Introduction and graph structure

Why graphs?

Networks are general languages for describing complex systems of interacting entities. In other words, a network is a universal language for describing complex data.

Network structure affects the robustness of a system

Most real networks are sparse

Tasks to perform in graphs:

  • node classification
  • link prediction
  • community detection
  • network similarity

Embedding nodes: map nodes to \(d\)-dimensional embeddings. Thus, nodes wit similar network neighbourhoods are embedded close together.

Terminology:

  • Networks refer to a real system, e.g.
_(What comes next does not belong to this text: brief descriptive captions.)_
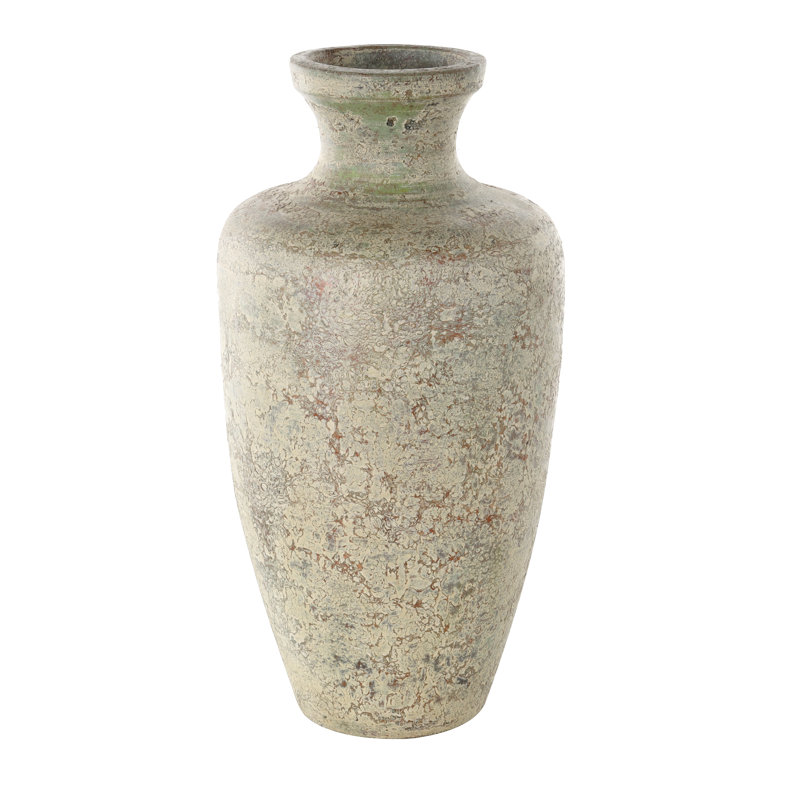 Rustic Cream and Brown Ceramic Urn Vase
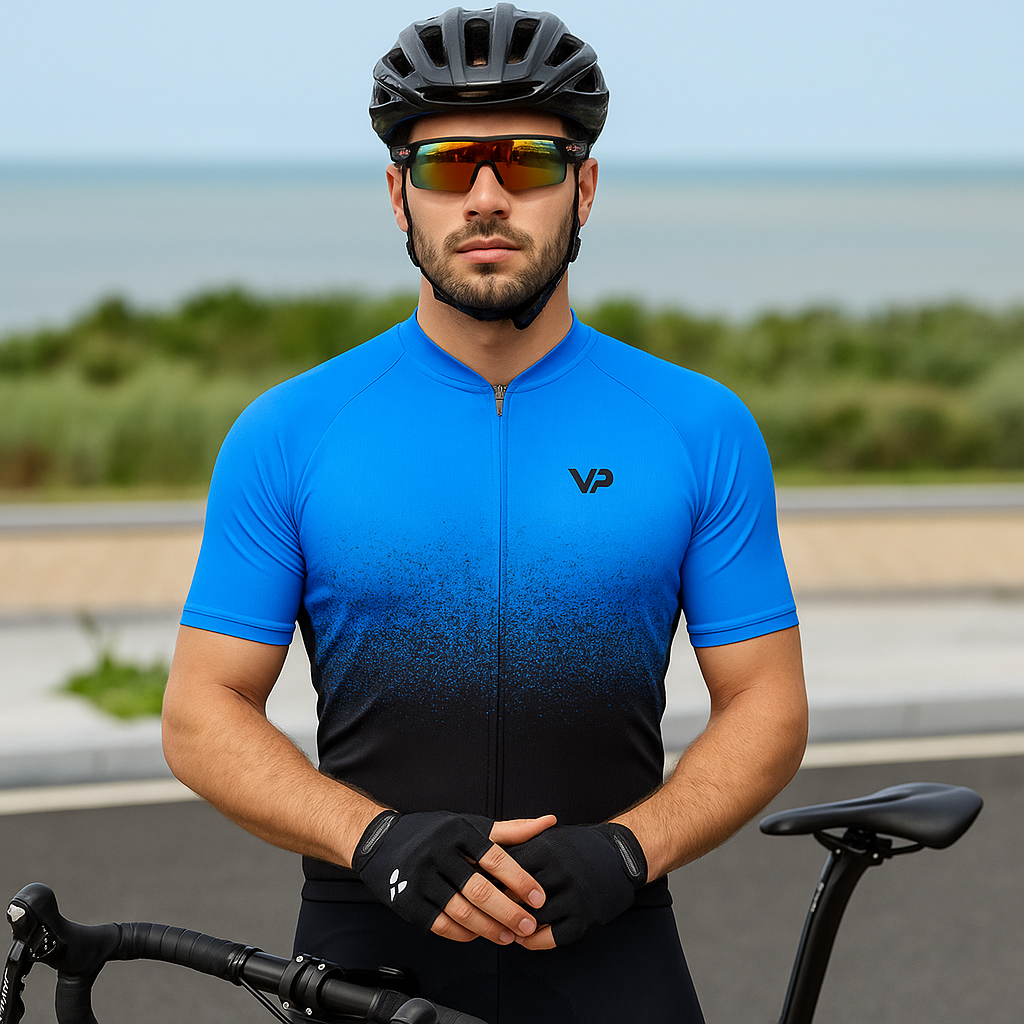 Blue Gradient Cycling Jersey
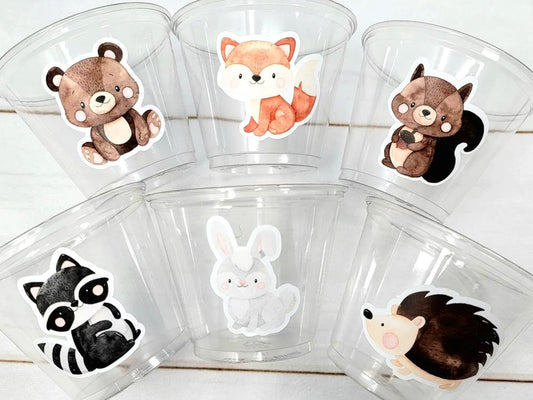 WOODLAND PARTY CUPS - Woodland Cups Woodland Animals Woodland Decorations Woodland Birthday Woodland Baby Shower Woodland Birthday Party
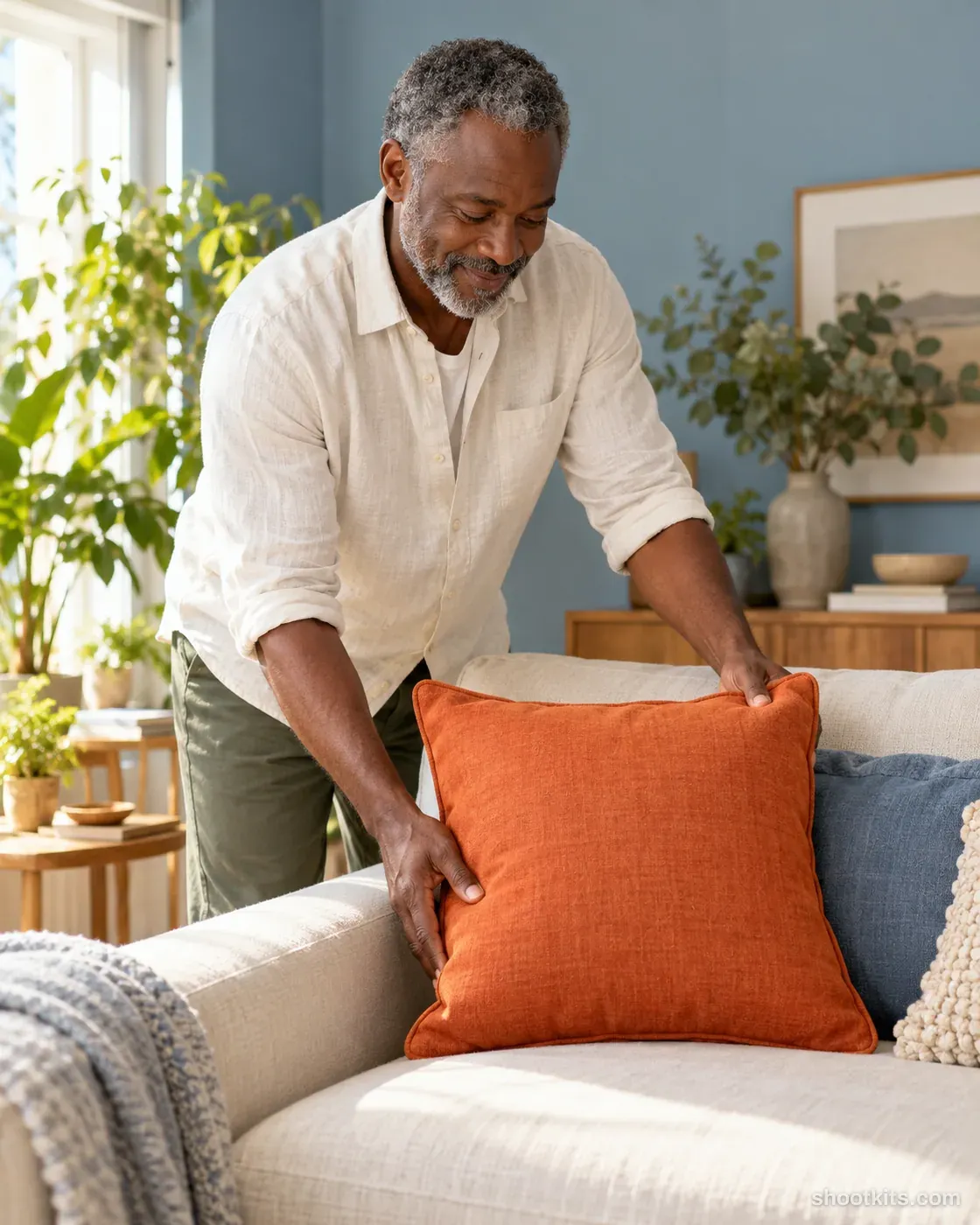 Man arranging an orange linen cushion on a cream sofa in a blue-walled living room.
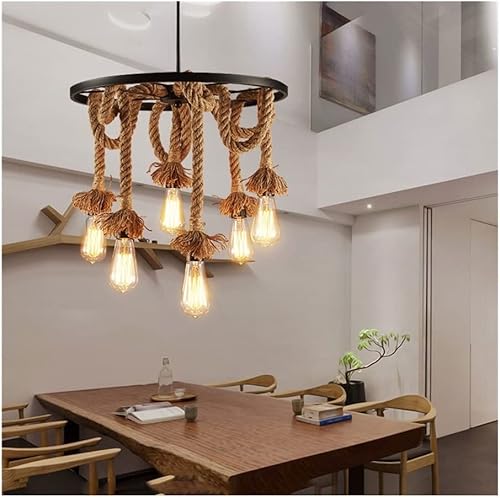 Lámpara de araña moderna de cuerda de cáñamo antigua arte retro americano decoración de interiores lámpara colgante para sala de estar comedor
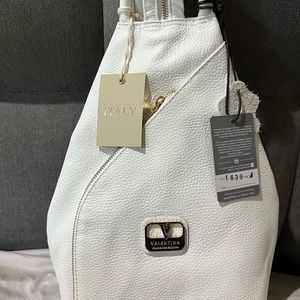 Winter White Italian Pebbled Leather Valentina Backpack/Shoulder Bag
Social Networks, Web.
  • Graph is a mathematical representation of a network e.g. graph, vertex, edge

Graphs can be directed (followers on twitter) or undirected (friends on Facebook)

Node degrees: Undirected:

  • node degree: the number of edges adjacent to node i
  • avg. degree

Directed:

  • in-degree
  • out-degree
  • the total degree of a node is the sum of in and out-degrees

Complete Graph

  • maximum number of edges in an undirected graph on $N$ nodes is \(E_max=\frac{N(N-1)}{2}\) and when the number of edges is $E=E_max$, the undirected graph is called compete graph.

Bipartite Graph

  • It is a graph whose nodes can be divided into two disjoints sets $U$ and $V$, which are independent sets.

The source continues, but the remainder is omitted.